Ambas foram, entretanto, estreitando laços com a paróquia e instituições locais, o seu trabalho começou a ser reconhecido e procurado e está hoje com bases sólidas. Além da formação inicial recebida em Cluny, estão ligadas ao Movimento Eclesial Mambré e à sua associação Novahumanitas que oferece um projeto de formação humana com o qual se identificam. Ligam-se ainda à espiritualidade vivida na Fundação Maria Mãe da Esperança, da Diocese de Leiria-Fátima, com a qual realizam atividades em parceria.

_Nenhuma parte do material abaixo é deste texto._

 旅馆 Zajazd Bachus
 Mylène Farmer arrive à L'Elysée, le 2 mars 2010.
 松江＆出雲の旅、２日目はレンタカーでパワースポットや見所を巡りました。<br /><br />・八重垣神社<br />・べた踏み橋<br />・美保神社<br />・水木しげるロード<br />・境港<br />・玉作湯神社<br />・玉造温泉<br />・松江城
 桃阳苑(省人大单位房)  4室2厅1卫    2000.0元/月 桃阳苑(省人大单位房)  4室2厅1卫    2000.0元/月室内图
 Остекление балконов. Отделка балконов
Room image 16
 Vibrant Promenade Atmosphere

Momento celebrativo na Assembleia Geral de março deste ano
Futuro assegurado
A preocupação da irmã Margarida era o que poderia acontecer no futuro ao seu projeto e a esta quinta. A criação da associação Nascentes de Luz foi a resposta encontrada e formalizada em 2010. Tem cerca de 200 associados, além de muitas dezenas de outros amigos e colaboradores, muitos com frequência regular do espaço em encontros de formação, grupos de oração, retiro popular e “lectio divina”, atividades da catequese e de grupos de jovens, etc.

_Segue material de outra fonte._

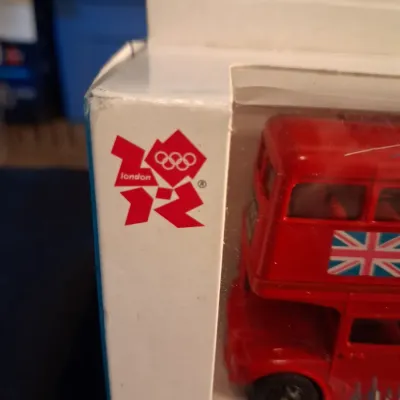 GREAT BRITISH CLASSICS DIE-CAST DOUBLE DECKER BUS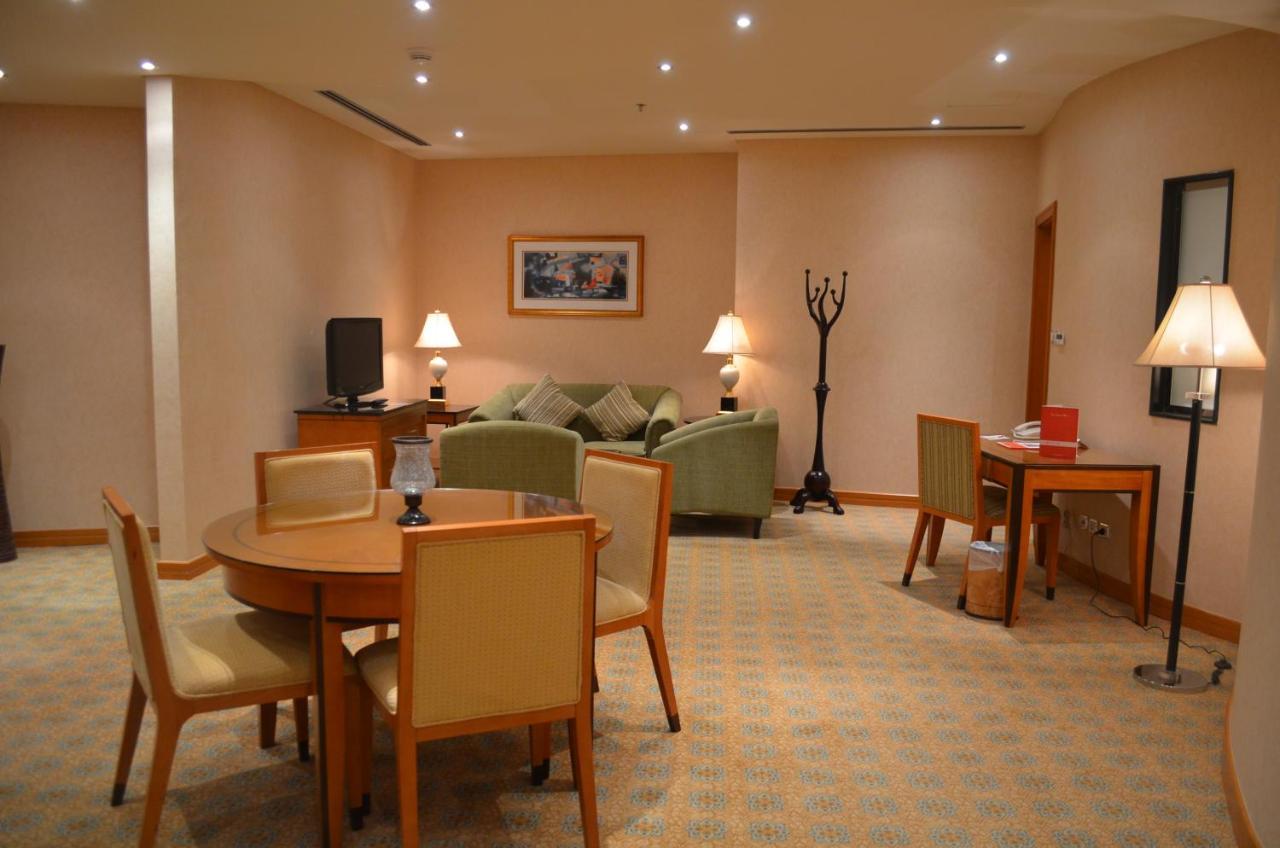 Eastyard Khobar Hotel - Formerly Ramada By Wyndham Khobar Al Khobar Exterior foto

Um dos exemplos é o do agrupamento de escuteiros da Maceira, que já sente aquele espaço como seu. “Ajudaram na limpeza e restauro dos espaços e vêm frequentemente fazer trabalhos de campo e outras atividades”, contam as irmãs. E referem, ainda, o envolvimento da Junta de Freguesia, que tem ajudado com materiais e maquinaria.
Sentem apenas que “às vezes, os de perto da porta é que conhecem menos”. Mas as várias iniciativas vão fazendo uma aproximação, como o Dia Aberto que vão organizar já a 28 de maio deste ano, “para mostrar à população quem somos e o que fazemos”. Só assim poderá cumprir-se plenamente o letreiro da entrada: “bem-vindos!”.
O nome
“Nesta quinta existiam muitas nascentes de água”, conta Margarida. Quando as procurou, tinham secado, embora continuem a existir no subsolo. “Assim é o nosso coração, cujas nascentes podem estar escondidas”. Penso no nome “Nascentes de Vida”, mas já estava registado, pelo que ficou “Nascentes de Luz”. Cruza-se com as expressões bíblicas “Deus é Luz” e “Vós sois a luz do mundo” e adequa-se ao objetivo geral da associação: “Despertar as fontes luminosas que há em cada um, para que jorrem com abundância na vida”.
Alguns números de 2016
- 142 atendimentos (55 individuais, 15 em casal, 10 a jovens, 59 por telefone e email, 3 com apoio da InterMediar).
- 17 permanências de pessoas em tempo de repouso físico e espiritual ou em situações dolorosas, num total de 80 dias de estadia.
- 153 visitas domiciliárias (92 a famílias e 61 a idosos e doentes).
- 102 pessoas recebidas em visita (20 crianças, adolescentes e jovens e 82 adultos).
- 964 de voluntariado prestado em serviços da casa, do jardim e administrativos, além de muitas outras ofertas de serviço não contabilizadas em tempo.
- 70 famílias apoiadas com roupas e bens.
- 10 famílias ajudadas psicologicamente.
- 6 famílias alimentadas periodicamente.
- Mais de 100 caixas de roupas e calçado enviadas para instituições sociais de Fátima, Guiné Bissau, Moçambique, etc., serviço prestado em 156 horas de voluntariado local
- Mais de 500 participantes em atividades realizadas, como grupos de oração, ginástica sénior, cursos de horticultura e alimentação, catequese, festas temáticas e outros encontros.
- 2 irmãs em colaboração ativa com a paróquia (Equipa da Pastoral Familiar, Conselho Pastoral, Liturgia, Catequese…), e com as instituições socias locais e da região.